Problem to work on | For this exercise, repeat exactly the lines below starting at the line holding "A black door" and ending at the line holding "Woman wearing Tummy", both included, with no extra lines and no pictures.

Provided data |
__________________________________________________

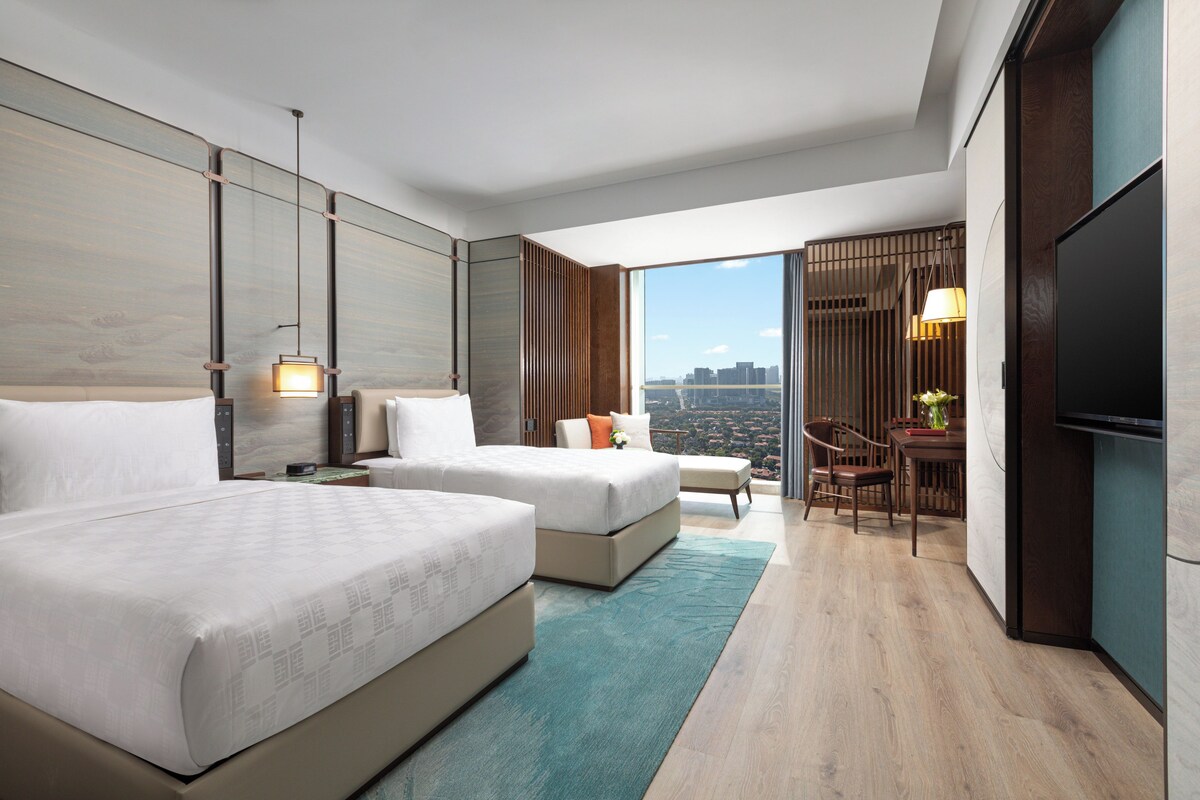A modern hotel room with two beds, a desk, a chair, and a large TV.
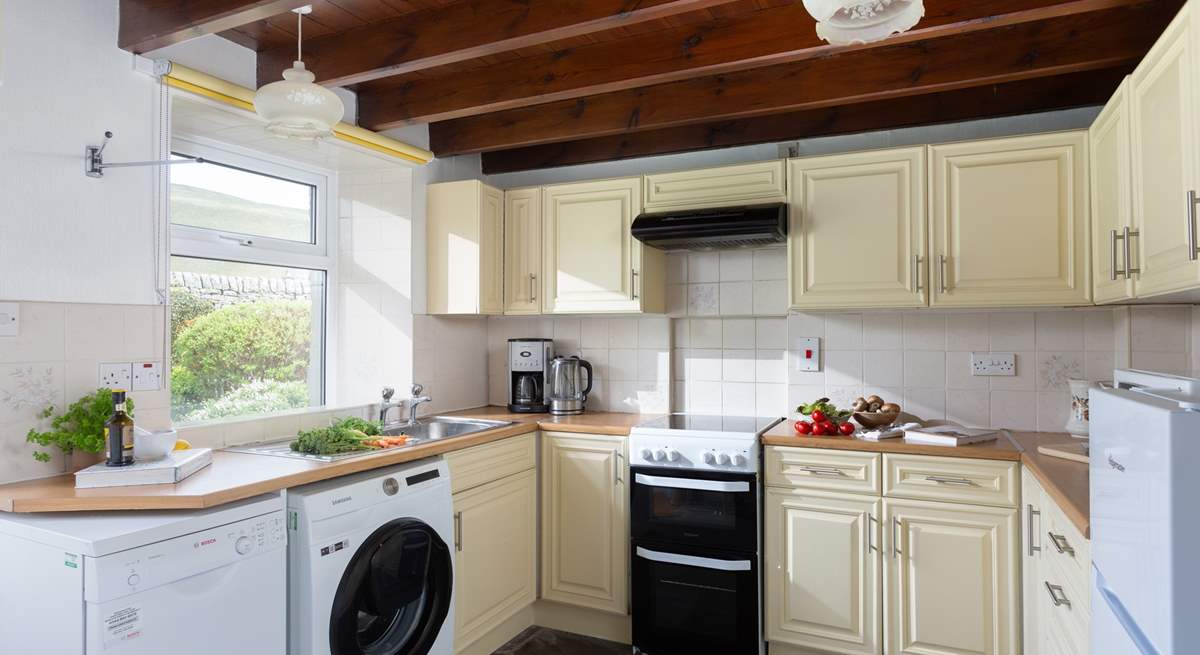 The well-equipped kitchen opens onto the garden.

__________________________________________________

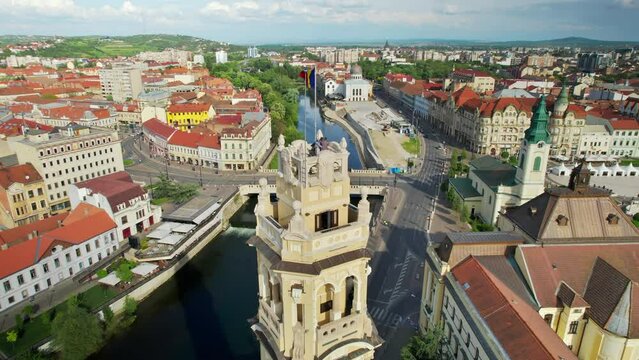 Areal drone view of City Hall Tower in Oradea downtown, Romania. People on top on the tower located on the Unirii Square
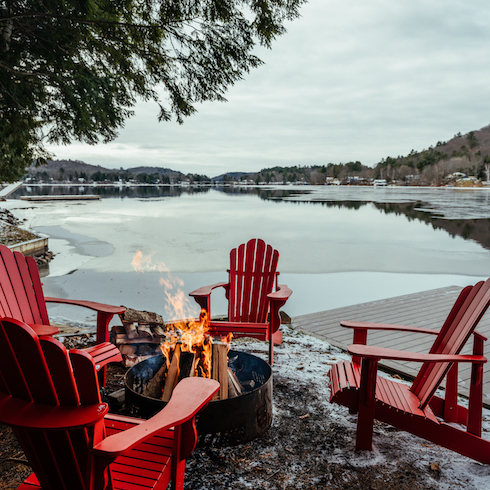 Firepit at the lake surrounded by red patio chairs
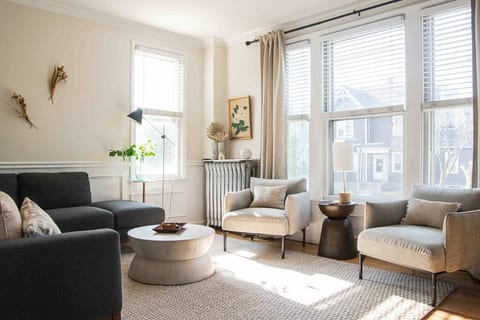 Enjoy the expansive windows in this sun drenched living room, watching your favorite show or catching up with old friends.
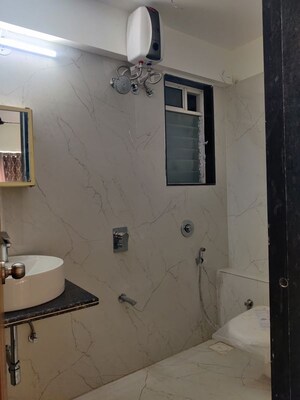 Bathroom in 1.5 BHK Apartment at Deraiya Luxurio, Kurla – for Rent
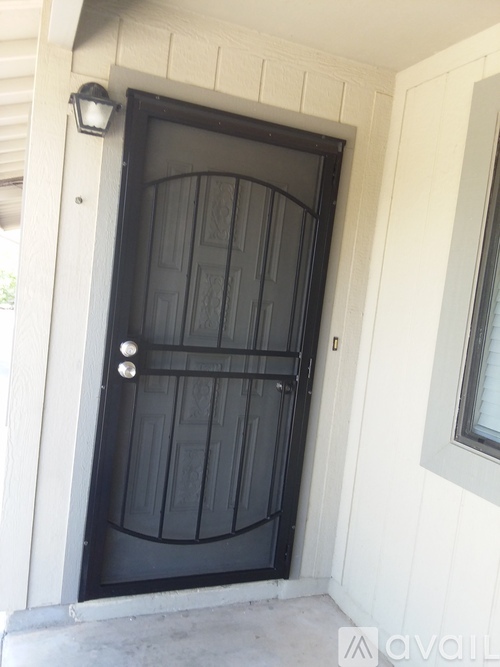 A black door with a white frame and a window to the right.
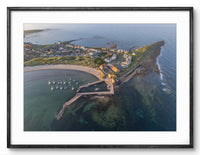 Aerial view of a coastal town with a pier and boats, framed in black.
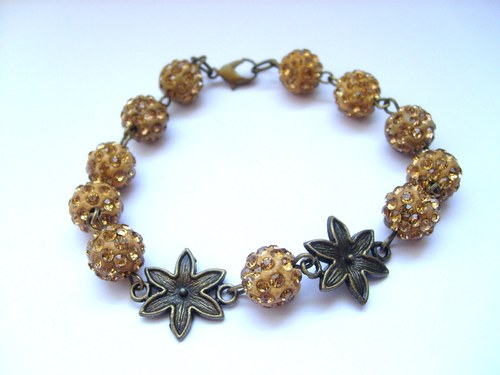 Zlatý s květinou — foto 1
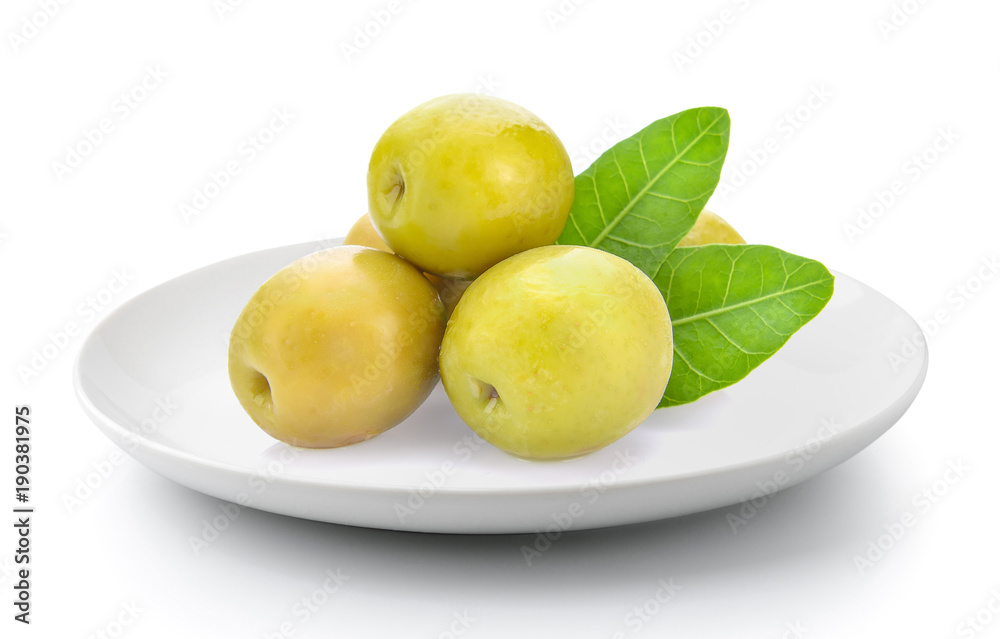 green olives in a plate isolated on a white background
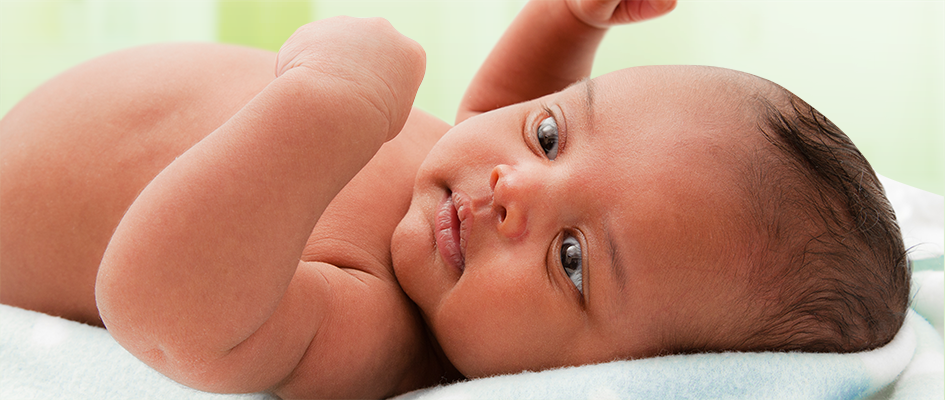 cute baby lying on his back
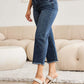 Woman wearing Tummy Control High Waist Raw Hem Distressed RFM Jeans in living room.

__________________________________________________

Result of this exercise |
 A black door with a white frame and a window to the right.
 Aerial view of a coastal town with a pier and boats, framed in black.
 Zlatý s květinou — foto 1
 green olives in a plate isolated on a white background
 cute baby lying on his back
 Woman wearing Tummy Control High Waist Raw Hem Distressed RFM Jeans in living room.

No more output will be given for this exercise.